Trace of a matrix and an expansion of eigenvectors

[CuppoJava]

Hi,
I'm trying to derive the Kullback-Leibler divergence between two multi-variate gaussian distributions, and I need the following property. Is there a simple way to understand this?

Prove that:
Given that E has orthonormal eigenvectors u_{i} and eigenvalues \lambda_{i}

Then:
trace(A*E) = \sum_{i}u^{T}_{i}*A*u_{i}*\lambda_{i}

I'm not quite sure how to start. I suspected that it can be proven by looking at block matrices but I didn't get anywhere with that. Thanks a lot for your help.
-Patrick

 

[tiny-tim]

Hi Patrick!

(have a sigma: ∑ and a lambda: λ and try using the X₂ tag just above the Reply box )

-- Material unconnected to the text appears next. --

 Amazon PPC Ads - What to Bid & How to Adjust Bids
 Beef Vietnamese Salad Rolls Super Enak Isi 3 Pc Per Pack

If the u_i are orthonormal, then they can be used as a basis, and in that basis tr(AE) = ∑ λ_iA_ii

Then transform back to a general basis, and you get the result given.

(there's probably a more direct way of doing it, also! )

 

[CuppoJava]

Thanks Tiny_Tim. It took me a while to figure out the details but I finally got it. Your advice worked perfectly!

PS: And thanks for the generous greek letters. =)